[Study material]

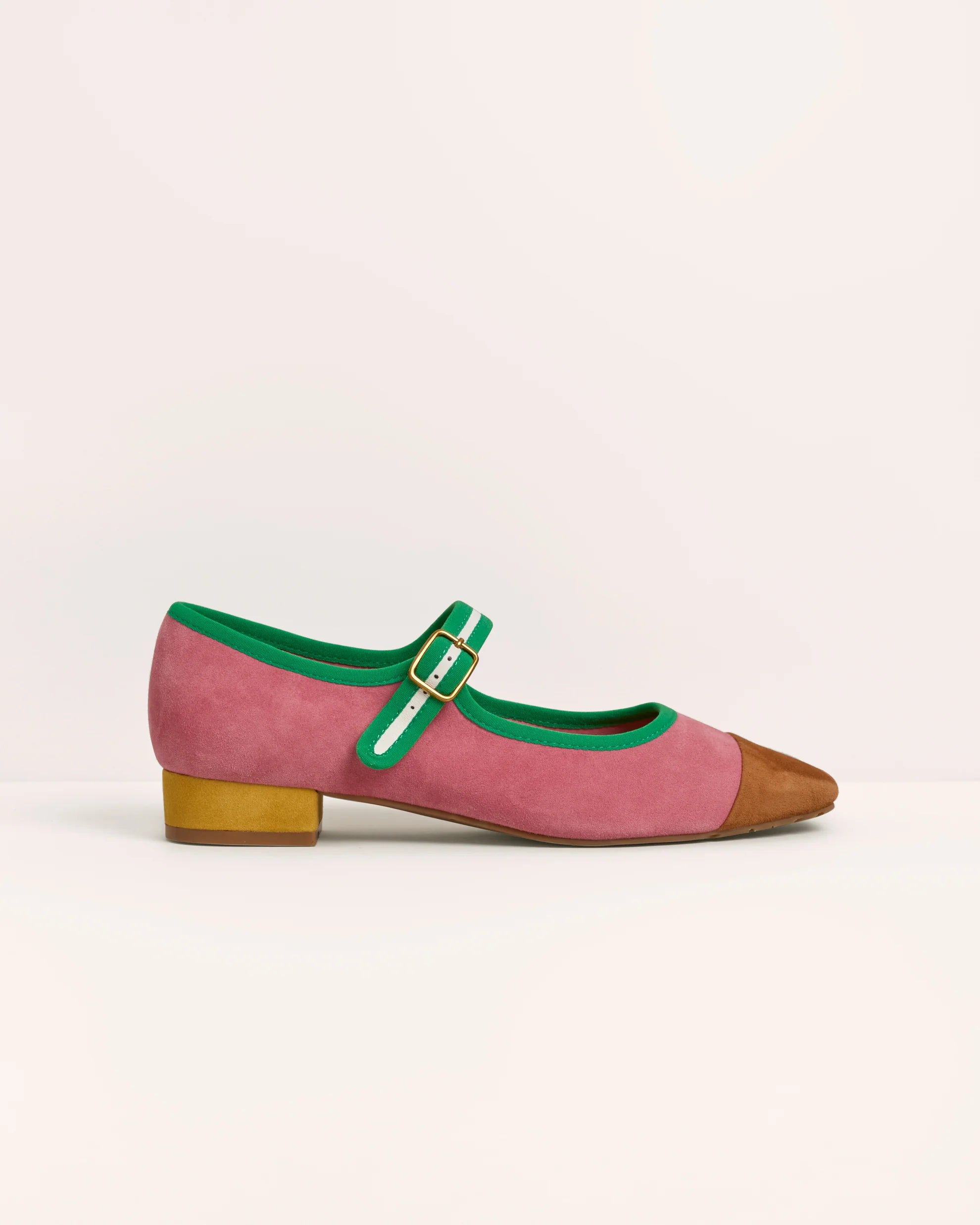 Rhiannon Pumps by Charlotte Stone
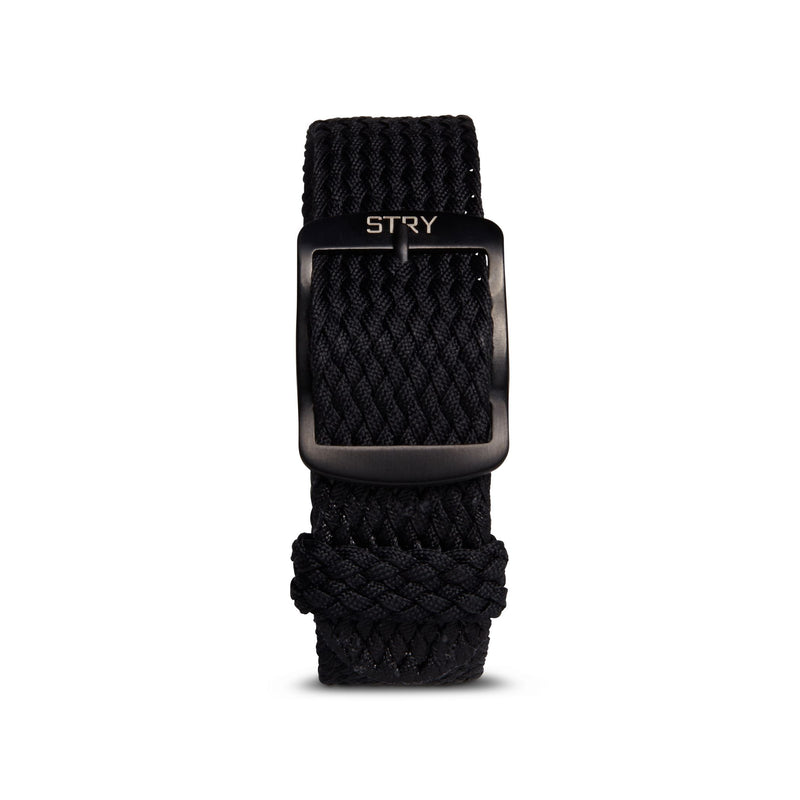 Black Nylon Band - STRY Project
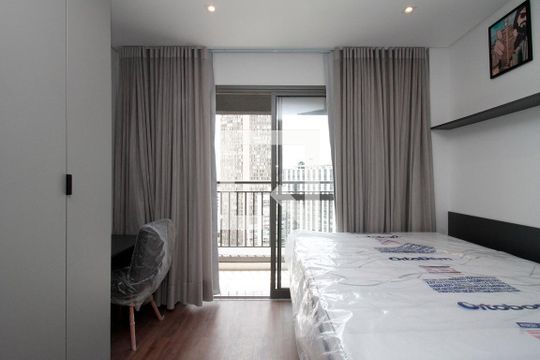 Studio de kitnet/studio à venda com 1 quarto, 22m² em República, São Paulo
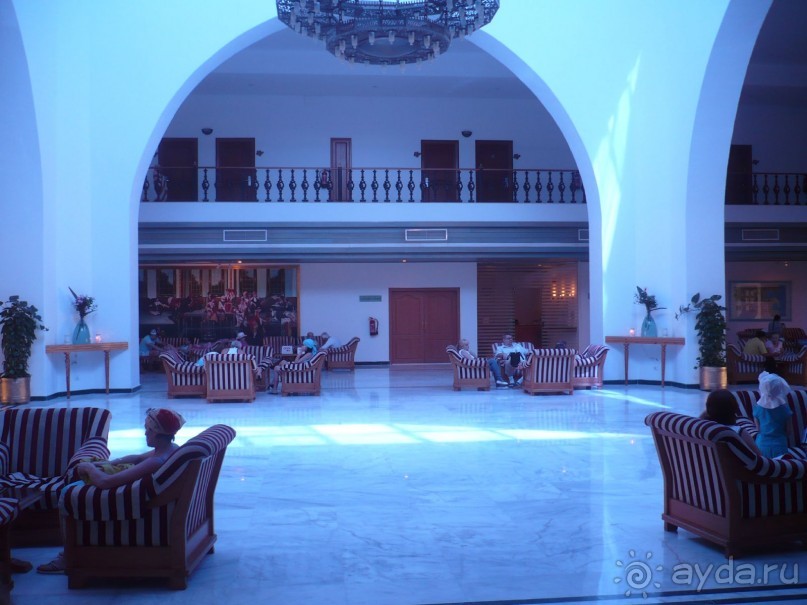 Ну не так уж всё и плохо.....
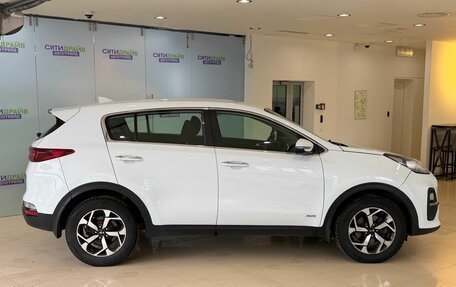 KIA Sportage IV рестайлинг, 2021 год, 1 690 000 рублей, 4 фотография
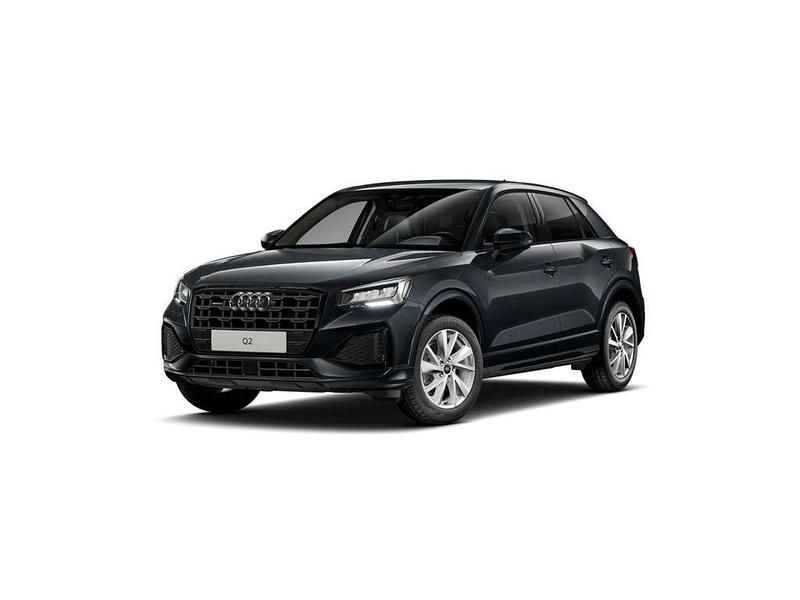 Gebraucht Audi Q2 Advanced 190 PS (139 kW) 2025 Manhattangrau metallic SUV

[/Study material]

_Work request_.
Leave the pictures aside and output each entry exactly as it stands.

_Reply to the exercise_.
 Rhiannon Pumps by Charlotte Stone
 Black Nylon Band - STRY Project
 Studio de kitnet/studio à venda com 1 quarto, 22m² em República, São Paulo
 Ну не так уж всё и плохо.....
 KIA Sportage IV рестайлинг, 2021 год, 1 690 000 рублей, 4 фотография
 Gebraucht Audi Q2 Advanced 190 PS (139 kW) 2025 Manhattangrau metallic SUV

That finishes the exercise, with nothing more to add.